[STUDY MATERIAL — start]
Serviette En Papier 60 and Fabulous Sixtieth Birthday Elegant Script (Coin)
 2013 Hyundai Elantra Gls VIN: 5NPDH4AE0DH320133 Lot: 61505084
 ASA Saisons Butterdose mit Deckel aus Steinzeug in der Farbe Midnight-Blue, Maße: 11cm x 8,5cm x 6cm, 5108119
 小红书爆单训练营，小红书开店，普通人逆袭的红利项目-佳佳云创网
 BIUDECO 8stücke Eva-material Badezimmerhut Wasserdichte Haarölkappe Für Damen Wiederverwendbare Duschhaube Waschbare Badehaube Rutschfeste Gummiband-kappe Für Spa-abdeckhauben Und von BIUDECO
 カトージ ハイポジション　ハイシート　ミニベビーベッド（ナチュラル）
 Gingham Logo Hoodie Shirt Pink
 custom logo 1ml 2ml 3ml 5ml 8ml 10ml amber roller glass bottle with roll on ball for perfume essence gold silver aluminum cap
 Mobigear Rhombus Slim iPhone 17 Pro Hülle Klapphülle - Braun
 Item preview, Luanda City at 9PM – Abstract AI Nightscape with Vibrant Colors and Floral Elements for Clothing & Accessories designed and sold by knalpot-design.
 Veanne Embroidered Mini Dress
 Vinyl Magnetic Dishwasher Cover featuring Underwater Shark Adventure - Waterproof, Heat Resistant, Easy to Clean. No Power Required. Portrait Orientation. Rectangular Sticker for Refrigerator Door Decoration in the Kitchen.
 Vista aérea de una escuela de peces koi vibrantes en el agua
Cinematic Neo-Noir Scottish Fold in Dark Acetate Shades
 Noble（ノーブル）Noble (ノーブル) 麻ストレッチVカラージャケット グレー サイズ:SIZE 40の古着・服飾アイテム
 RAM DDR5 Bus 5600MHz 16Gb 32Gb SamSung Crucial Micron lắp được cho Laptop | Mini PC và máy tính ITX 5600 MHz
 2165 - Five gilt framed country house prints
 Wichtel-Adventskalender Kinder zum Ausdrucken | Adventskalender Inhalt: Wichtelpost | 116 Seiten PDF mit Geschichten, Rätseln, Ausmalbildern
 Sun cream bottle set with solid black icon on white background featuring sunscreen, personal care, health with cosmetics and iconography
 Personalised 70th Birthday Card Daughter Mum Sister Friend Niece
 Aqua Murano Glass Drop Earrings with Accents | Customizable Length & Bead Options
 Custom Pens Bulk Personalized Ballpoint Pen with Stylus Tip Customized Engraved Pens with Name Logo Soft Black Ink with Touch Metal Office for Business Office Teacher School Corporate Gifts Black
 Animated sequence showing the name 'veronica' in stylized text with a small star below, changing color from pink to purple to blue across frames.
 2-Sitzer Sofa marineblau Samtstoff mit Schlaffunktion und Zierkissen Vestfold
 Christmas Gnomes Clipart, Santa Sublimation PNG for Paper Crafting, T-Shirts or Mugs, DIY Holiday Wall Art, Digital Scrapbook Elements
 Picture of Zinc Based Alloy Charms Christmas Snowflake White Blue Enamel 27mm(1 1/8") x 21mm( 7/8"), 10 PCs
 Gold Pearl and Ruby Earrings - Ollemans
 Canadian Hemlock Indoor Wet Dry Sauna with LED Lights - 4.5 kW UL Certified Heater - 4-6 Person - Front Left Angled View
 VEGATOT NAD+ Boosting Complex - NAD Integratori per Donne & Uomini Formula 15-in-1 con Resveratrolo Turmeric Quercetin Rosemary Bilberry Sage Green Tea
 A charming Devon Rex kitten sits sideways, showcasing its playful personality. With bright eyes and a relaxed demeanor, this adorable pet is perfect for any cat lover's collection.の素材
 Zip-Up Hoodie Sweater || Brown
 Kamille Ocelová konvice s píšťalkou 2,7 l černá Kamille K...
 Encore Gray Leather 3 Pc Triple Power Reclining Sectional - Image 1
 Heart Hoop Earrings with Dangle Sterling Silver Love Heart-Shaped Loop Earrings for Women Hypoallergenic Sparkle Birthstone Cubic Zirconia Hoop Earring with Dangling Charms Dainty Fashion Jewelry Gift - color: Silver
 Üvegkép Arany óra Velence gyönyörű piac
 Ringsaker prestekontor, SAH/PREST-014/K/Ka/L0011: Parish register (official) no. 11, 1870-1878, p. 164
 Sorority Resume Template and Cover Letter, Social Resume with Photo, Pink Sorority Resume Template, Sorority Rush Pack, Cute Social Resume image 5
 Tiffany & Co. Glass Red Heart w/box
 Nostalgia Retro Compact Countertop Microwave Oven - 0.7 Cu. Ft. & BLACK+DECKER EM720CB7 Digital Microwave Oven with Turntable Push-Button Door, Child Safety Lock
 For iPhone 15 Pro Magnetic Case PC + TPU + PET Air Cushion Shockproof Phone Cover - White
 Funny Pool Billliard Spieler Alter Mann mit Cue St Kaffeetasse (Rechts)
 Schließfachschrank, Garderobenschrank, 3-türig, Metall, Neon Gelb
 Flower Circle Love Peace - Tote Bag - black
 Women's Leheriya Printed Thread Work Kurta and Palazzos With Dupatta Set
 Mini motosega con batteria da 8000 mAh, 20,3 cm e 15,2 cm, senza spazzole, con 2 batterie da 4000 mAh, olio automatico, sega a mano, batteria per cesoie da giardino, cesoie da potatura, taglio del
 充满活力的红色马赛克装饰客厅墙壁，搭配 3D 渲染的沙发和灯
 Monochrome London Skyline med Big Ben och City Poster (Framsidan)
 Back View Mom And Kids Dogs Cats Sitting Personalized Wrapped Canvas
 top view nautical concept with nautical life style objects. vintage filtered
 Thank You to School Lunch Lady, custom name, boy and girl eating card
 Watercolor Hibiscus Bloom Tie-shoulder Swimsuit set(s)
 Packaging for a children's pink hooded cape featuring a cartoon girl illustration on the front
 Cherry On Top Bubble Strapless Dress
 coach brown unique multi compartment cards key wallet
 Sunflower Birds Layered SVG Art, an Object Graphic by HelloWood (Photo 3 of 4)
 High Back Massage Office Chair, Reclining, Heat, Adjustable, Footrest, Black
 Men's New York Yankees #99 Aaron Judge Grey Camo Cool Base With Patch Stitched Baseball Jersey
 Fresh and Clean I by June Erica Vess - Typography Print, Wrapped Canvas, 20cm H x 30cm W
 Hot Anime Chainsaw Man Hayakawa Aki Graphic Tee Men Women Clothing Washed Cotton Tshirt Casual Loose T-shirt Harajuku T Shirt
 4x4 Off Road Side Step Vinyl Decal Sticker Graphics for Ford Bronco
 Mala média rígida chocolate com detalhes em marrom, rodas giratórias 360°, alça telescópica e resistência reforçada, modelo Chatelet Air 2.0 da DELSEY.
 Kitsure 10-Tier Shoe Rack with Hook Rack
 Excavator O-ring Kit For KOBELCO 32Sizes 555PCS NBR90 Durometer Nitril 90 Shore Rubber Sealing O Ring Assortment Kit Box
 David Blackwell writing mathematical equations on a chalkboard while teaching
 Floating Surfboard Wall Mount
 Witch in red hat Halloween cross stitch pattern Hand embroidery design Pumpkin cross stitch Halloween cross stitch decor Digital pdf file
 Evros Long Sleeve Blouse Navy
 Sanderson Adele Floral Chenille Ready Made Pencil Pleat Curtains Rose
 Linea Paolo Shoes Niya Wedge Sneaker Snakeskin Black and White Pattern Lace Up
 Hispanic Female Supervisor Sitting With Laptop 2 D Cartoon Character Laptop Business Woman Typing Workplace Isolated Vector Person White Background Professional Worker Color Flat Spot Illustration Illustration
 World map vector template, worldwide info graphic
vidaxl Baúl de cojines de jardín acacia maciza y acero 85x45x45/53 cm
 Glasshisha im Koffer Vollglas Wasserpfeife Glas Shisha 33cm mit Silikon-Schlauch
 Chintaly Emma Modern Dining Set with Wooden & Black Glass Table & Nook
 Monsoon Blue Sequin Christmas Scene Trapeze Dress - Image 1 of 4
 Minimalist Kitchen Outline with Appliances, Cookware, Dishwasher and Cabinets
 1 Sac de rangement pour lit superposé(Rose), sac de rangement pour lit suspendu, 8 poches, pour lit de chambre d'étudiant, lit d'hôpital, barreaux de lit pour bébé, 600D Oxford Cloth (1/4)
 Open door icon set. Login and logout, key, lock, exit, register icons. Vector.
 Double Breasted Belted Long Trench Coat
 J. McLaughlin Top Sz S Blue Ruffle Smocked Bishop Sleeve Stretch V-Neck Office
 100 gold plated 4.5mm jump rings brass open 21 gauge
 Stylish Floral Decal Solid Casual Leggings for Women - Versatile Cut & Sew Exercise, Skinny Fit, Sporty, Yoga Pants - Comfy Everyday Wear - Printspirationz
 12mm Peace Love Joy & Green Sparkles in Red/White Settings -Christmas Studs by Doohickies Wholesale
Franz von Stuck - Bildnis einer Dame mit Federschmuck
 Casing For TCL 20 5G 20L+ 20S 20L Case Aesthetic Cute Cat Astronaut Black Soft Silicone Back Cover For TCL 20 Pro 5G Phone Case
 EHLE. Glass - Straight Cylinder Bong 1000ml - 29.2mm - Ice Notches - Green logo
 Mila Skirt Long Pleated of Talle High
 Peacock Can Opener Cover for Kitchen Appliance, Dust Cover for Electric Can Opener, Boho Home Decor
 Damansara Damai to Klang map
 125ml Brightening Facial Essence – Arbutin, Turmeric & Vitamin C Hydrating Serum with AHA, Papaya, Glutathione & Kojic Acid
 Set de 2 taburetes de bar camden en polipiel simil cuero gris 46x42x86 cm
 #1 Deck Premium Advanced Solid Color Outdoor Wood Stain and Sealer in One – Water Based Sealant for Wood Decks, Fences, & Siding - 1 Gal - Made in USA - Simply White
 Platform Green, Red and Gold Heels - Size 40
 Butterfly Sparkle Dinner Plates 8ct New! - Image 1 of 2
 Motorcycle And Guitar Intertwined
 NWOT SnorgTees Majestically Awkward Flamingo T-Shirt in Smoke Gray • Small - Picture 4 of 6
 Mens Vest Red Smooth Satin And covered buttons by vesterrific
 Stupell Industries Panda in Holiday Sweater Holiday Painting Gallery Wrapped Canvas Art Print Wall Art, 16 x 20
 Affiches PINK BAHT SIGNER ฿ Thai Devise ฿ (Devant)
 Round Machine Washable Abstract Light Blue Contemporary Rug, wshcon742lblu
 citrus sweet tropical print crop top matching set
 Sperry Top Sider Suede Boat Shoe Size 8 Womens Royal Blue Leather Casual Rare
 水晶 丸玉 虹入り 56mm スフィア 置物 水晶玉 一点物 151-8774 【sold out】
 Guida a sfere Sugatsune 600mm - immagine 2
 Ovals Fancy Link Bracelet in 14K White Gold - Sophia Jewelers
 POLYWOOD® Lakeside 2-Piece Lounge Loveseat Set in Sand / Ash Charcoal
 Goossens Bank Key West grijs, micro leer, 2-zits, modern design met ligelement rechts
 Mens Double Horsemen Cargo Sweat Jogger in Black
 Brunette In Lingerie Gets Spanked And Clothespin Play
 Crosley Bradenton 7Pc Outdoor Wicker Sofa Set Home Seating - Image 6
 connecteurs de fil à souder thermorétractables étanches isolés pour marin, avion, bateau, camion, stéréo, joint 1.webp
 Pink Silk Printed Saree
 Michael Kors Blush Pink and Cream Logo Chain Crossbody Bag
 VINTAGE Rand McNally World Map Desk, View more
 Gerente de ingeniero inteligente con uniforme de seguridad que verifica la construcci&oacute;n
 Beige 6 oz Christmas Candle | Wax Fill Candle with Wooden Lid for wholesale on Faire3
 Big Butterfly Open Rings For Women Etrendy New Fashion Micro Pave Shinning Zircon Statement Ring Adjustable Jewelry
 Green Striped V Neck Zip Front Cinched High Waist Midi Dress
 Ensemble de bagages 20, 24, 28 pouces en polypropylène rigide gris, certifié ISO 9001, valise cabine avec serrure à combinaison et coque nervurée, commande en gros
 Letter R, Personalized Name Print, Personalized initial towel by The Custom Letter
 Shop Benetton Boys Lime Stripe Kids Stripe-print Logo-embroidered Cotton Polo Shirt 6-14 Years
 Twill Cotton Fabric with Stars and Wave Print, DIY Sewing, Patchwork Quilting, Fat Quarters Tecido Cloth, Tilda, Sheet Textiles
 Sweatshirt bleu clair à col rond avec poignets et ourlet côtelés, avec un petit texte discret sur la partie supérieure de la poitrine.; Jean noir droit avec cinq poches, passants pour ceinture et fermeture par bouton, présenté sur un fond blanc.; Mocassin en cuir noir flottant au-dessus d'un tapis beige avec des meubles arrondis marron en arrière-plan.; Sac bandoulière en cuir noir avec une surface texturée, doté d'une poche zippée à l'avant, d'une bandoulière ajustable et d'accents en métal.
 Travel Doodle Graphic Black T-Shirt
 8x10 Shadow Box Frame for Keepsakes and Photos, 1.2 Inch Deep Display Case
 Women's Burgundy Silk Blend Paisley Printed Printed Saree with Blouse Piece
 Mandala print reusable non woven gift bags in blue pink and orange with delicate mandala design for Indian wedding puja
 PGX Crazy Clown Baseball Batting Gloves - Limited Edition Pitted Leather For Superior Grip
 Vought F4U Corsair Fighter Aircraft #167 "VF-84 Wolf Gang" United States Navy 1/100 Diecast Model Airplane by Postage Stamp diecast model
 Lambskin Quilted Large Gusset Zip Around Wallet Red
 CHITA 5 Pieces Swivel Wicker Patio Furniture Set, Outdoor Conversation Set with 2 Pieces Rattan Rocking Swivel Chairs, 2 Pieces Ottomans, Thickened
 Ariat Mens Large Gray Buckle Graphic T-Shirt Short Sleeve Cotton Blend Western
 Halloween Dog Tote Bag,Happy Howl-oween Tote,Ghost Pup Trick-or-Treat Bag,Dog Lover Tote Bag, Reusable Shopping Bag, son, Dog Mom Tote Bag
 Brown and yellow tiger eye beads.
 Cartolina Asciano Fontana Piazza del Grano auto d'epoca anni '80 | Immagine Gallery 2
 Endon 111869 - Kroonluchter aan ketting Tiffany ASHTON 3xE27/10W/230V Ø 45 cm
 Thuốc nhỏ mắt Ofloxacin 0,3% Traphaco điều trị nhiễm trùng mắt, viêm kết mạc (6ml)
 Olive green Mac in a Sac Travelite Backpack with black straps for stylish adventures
[STUDY MATERIAL — finish]
> [WORK TO COMPLETE] Scan the entries and show every line in which the word "Double" is found.

> [TASK OUTPUT]
 Double Breasted Belted Long Trench Coat
 Mens Double Horsemen Cargo Sweat Jogger in Black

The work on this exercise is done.